There is an entrance fee of 6,000 won (approximately $5USD) to visit the temple, and there are small discounts for children and seniors.
It is open from 7:30am to 5pm October through February and 9am to 5pm March through September.
Bulguksa Temple is incredibly popular all year round and gets very busy. It is best to visit the temple first thing in the morning to avoid the crowds.
Samantha Shea Intentional Detours Travel Blog
One of the most incredible places you can visit in Lahore, Pakistan is undoubtedly the Lahore Fort. The massive citadel became a UNESCO World Heritage Site in 1981 and still remains one of the best examples of Mughal architecture in South Asia.
The fort itself has been inhabited for thousands of years, though the modern structure that you can visit today was created in the 1500s. The Mughals occupied the fortress for nearly 200 years, and the most impressive additions to its design were commissioned under Emperor Shah Jahan, the very same man who is responsible for the Taj Mahal.

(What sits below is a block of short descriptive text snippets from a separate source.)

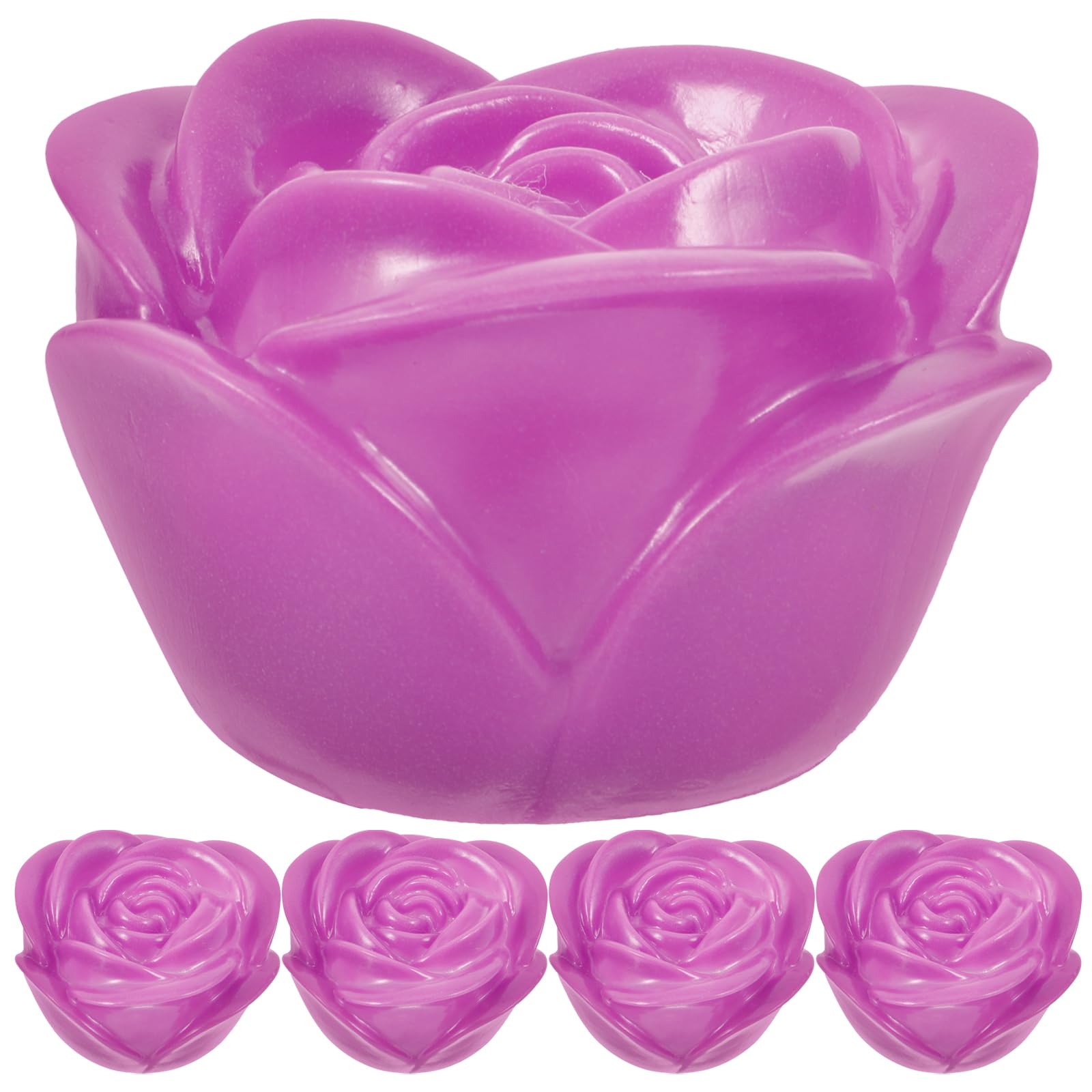 Uonlytech 5 Pcs Flameless Candle Flower Night Light LED Tea Lights Waterproof Floating Rose for Pool Garden Fish Tank Wedding Party Decor Purple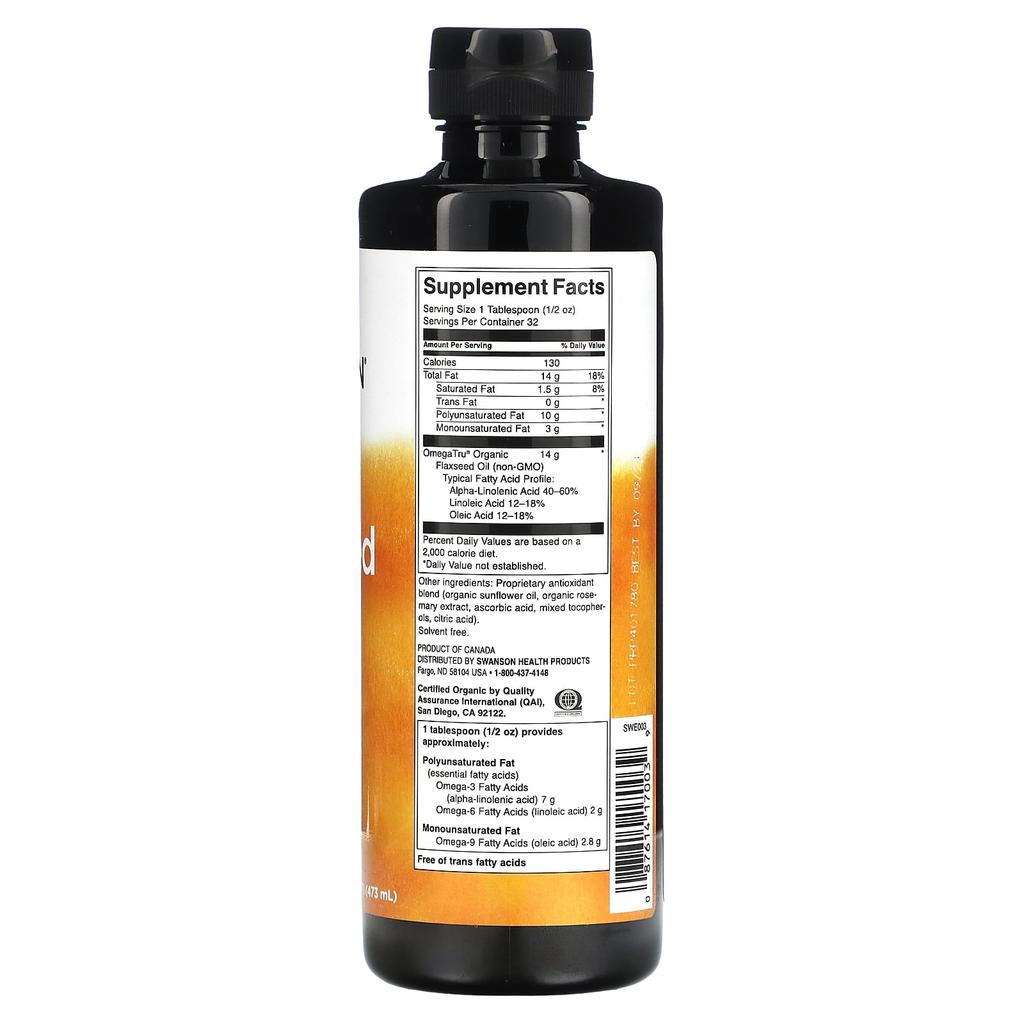Organic Flaxseed Oil, 473 Ml (16 Fl Oz)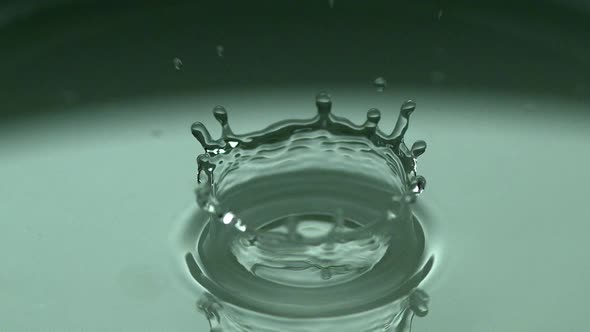 Drop of Water falling into Water against Green background, Slow motion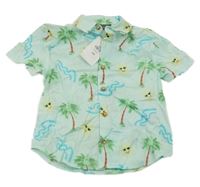 Nové - Mátová košile s palmami a sluníčky Primark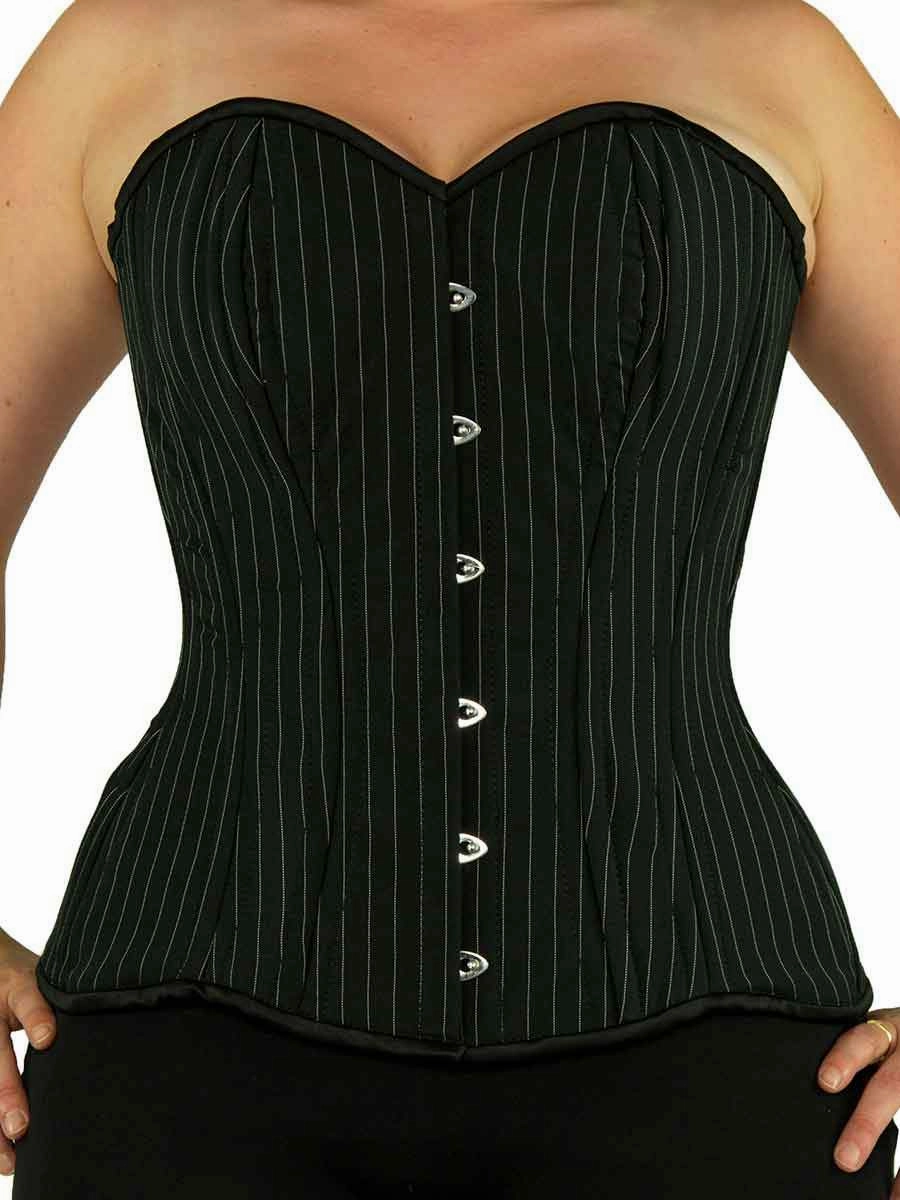 Plus Size Pinstripe Hourglass Curve Longline Overbust Corset : CS-511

Three of the most beautiful aspects of the fort include the Picture Wall, the Sheesh Mahal and the Summer Palace. The Picture Wall is adorned with huge, colorful mosaics that are widely considered to be the “greatest artistic triumph” of the entire fort. Right next to the wall, you can see the elephant steps, which were constructed to be large enough for the feet of the elephants who routinely climbed them.
The Sheesh Mahal might be the most magical piece of the site, as it’s a room entirely made up of intricate mirror and fresco work. The Summer Palace is currently undergoing reservations but is a labyrinth of underground chambers that were historically only accessible via the very exclusive Sheesh Mahal.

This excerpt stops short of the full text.